Tuttavia, se i fatti sono forieri di significato, dobbiamo con rammarico constatare che rilevante è stata l’assenza dell’assessore alla sanità nel Comitato Permanente Regionale nell’arco dell’intera trattativa.

 

Crediamo nel primato della politica che impone scelte chiare ed oculate a favore della comunità e non alla delega in bianco a funzionari, ai quali spetta solo curare l’aspetto tecnico-formale delle scelte decisionali operate dai politici.

 

L’unico accordo “politico” firmato dai sindacati medici e dall’Assessore Mazzaracchio, che prevedeva il rilancio dell’associazionismo tra i medici di famiglia, non è stato, di fatto, mai ratificato dal Comitato Permanente Regionale per la Medicina Generale per ostracismo proprio della parte pubblica.

 

Ben venga il confronto sulla politica sanitaria nella nostra Regione. Un confronto che si articoli per proposte concrete.

 

“Noi le nostre proposte le abbiamo presentate. Ora siamo nell’attesa di conoscere le intenzioni e le decisioni della Regione Puglia”, ha commentato il dott. Anelli.

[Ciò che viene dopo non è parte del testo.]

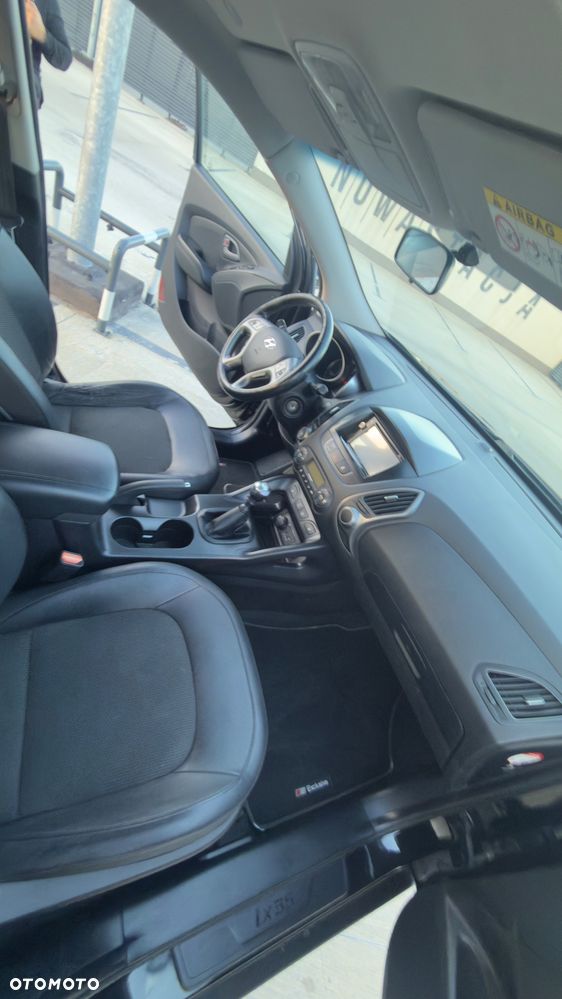 Hyundai ix35 - 23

Infatti, con il Piano Sanitario Regionale “l’Esecutivo regionale ha definito un percorso “strutturalmente” sostenibile volto alla progressiva modifica delle risorse destinabili alle funzioni essenziali dell’assistenza territoriale, ospedaliera e della prevenzione. 

 

Si  tratta di spostare risorse corrispondenti a 5 punti percentuali dal livello di assistenza ospedaliera a quello distrettuale, per un valore assoluto di circa 450 miliardi. Ciò è quanto assolutamente necessario per realizzare nel triennio la prima fase di transizione verso il modello di Servizio sanitario regionale progettato col presente Piano.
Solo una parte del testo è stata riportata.